The idea of pushing through changes outside of regular order has powerful detractors, especially in the House. Speaker Nancy Pelosi (D-Calif.) and Ways and Means Chairman Charles Rangel (D-N.Y.) have argued that the existing committees should be able to weigh in on any major fiscal policy changes. They’ve noted that the proposals relying on an independent panel to craft a fiscal reform package aren’t flexible, since they would limit lawmakers’ amendments.

Gregg told The Hill last month that he’s not aware of his plan coming up in serious negotiations with the White House.

The Democrats who signed the letter said a measure allowing a special process should be linked to a debt-limit increase. The administration has pressed the Senate to approve an increase to the $12.1 trillion debt ceiling this fall, when federal debt is expected to surpass that number. The House approved increasing the limit to $13 trillion last spring. The government risks defaulting with its creditors if the limit is breached.

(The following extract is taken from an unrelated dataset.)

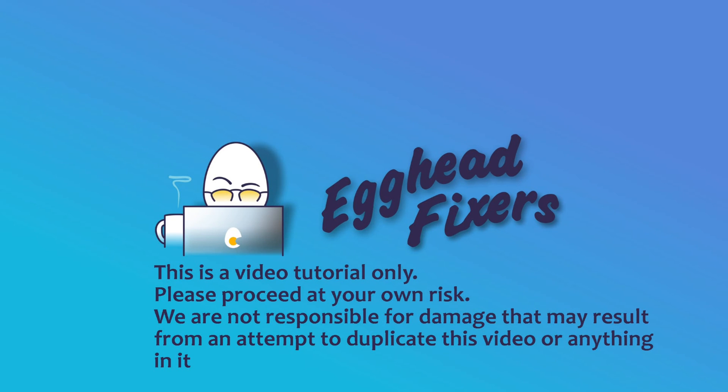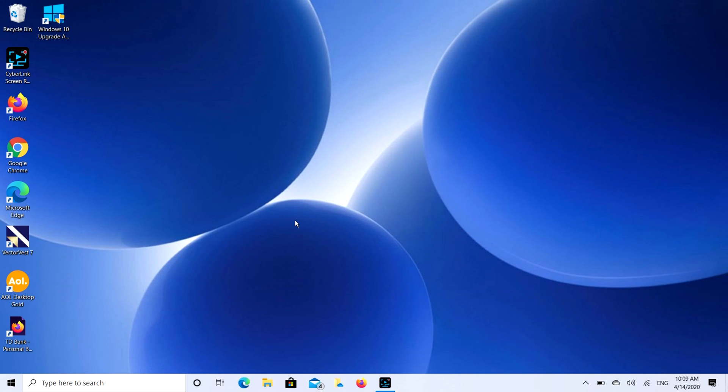Hello my fellow eggheads, this is Liz. I'm an HP certified technician and today we're going to be discussing how to connect your headphones to your HP Omen laptop or desktop computer.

The record deficit has fueled calls throughout Washington to get the red ink under control.

Federal Reserve Chairman Ben Bernanke said Monday that reducing trade imbalances with China and the federal debt will be key to avoiding future economic crises.

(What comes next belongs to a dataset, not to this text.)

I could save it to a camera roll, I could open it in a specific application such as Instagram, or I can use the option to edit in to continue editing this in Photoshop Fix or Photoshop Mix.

“The United States must increase its national saving rate,” Bernanke said in a speech at the Federal Reserve Bank of San Francisco. “The most effective way to accomplish this goal is by establishing a sustainable fiscal trajectory, anchored by a clear commitment to substantially reduce federal deficits over time.”

White House budget director Peter Orszag, in responding to the deficit announcement last week, said that the administration is looking at proposals to “put our country back on firm fiscal footing.”

The Obama administration and Democrats have resisted GOP calls for immediate action to cut the deficit, arguing that pulling back spending while the country is still in a recession would slow a recovery.